White House To Unveil Immigration Framework
The White House announced Wednesday that it would be unveiling a legislative framework on immigration that it hopes can pass both the House and the Senate and land on the president's desk.
The framework to be unveiled Monday "represents a compromise that members of both parties can support," spokeswoman Sarah Huckabee Sanders said, as the White House appeared to try to take control of the process amid criticism that the president has taken too much of a back seat during the negotiations and sent mixed signals that have repeatedly upended near-deals.
"After decades of inaction by Congress, it's time we work together to solve this issue once and for all," Sanders said.
Meanwhile, senators from both parties started a fresh search for their own compromise immigration legislation, but leaders conceded that the effort won't be easy and were already casting blame should the effort falter.

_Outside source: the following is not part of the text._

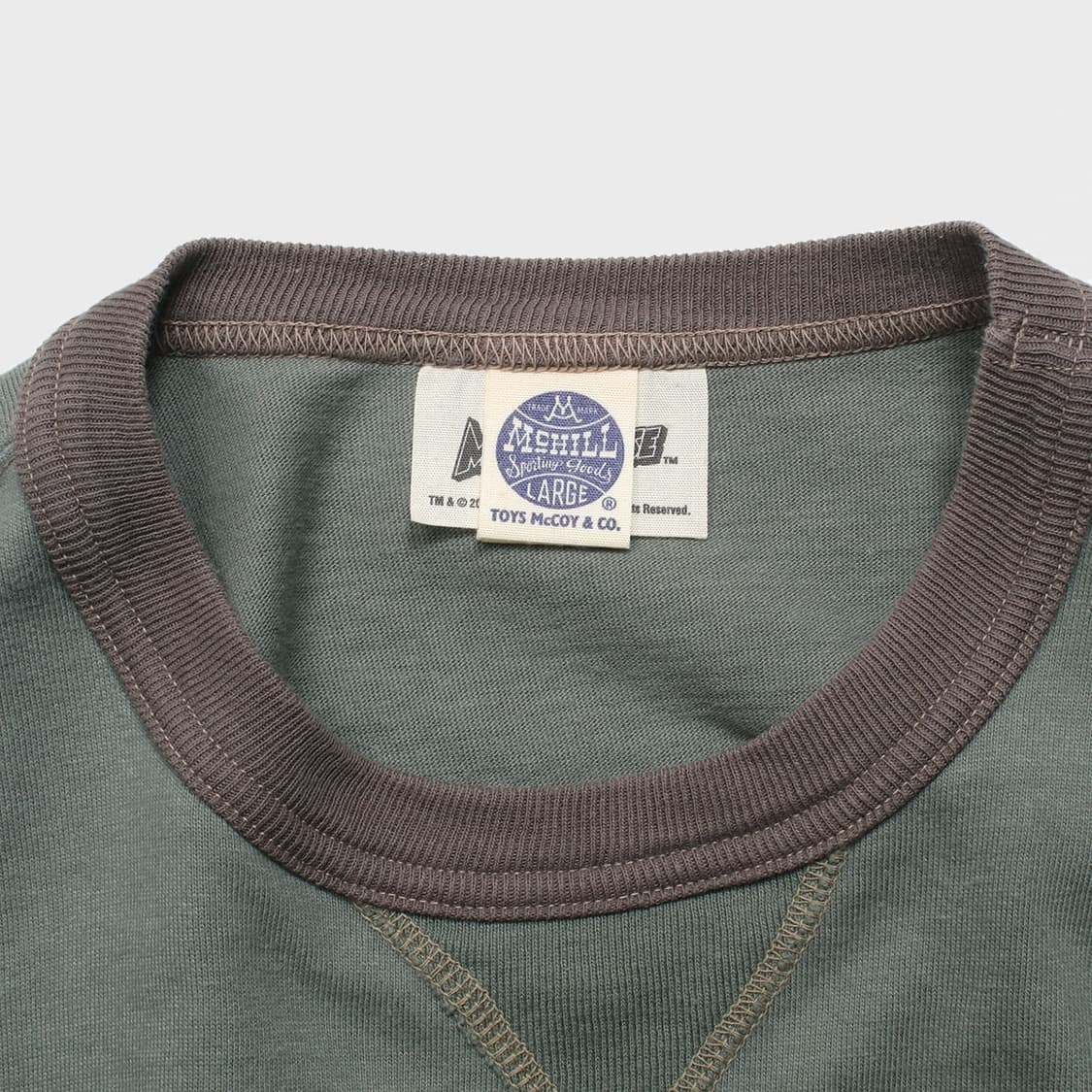 TOYs McCOY 상품이미지3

Around three dozen senators, evenly divided among Republicans and Democrats, planned to meet late Wednesday in what No. 2 Senate GOP leader John Cornyn of Texas said was a chance to "get people thinking about a framework that might actually work." Their goal is to produce a bipartisan package to protect from deportation the "Dreamers" — hundreds of thousands of immigrants in the U.S. illegally after being brought here as children — and to provide billions to toughen border security.
"We cannot let those who are anti-immigrant, who call giving the Dreamers hope 'amnesty,' block us. Because then we will fail, and it will be on the other side of the aisle that made that happen," said Senate Minority Leader Chuck Schumer, D-N.Y.
Schumer spoke about 12 hours after President Donald Trump put the onus on him.
"Cryin' Chuck Schumer fully understands, especially after his humiliating defeat, that if there is no Wall, there is no DACA," the president tweeted late Tuesday, using the acronym for the Deferred Action for Childhood Arrivals program, which has allowed the roughly 700,000 immigrants to remain in the country. "We must have safety and security, together with a strong Military, for our great people!"
Sanders said the White House framework is based on dozens of conversations Trump and his staff have had with members of both parties and that "it addresses all of the different things that we've heard from all of the various stakeholders" during the past several months.
"There's nothing currently on the table that addresses all of the concerns that we feel like brings all of these various stakeholders to the table, like this framework does. And the president wants to lead on this issue, and that's exactly what we're going to do," she said.
Sen. David Perdue, R-Ga., said Trump called him Wednesday morning and wants to provide "dependability for these kids," but still expects a deal to include money for border security and his promised southern wall, to limit immigrants' ability to sponsor family members and to end a visa lottery aimed at diversity.
"He's driving that a DACA solution is something he wants," Perdue said.
Schumer said Tuesday that he'd pulled back an offer of $25 billion for Trump's border wall with Mexico. An aide said Schumer had actually withdrawn the offer Sunday night after it became clear that there would be no quick compromise on protecting the Dreamers.
Senate Majority Leader Mitch McConnell, R-Ky., has said if senators cannot produce a compromise plan by Feb. 8, he would open a debate on immigration legislation that would be "fair to all sides." That suggests both parties would be allowed to offer amendments.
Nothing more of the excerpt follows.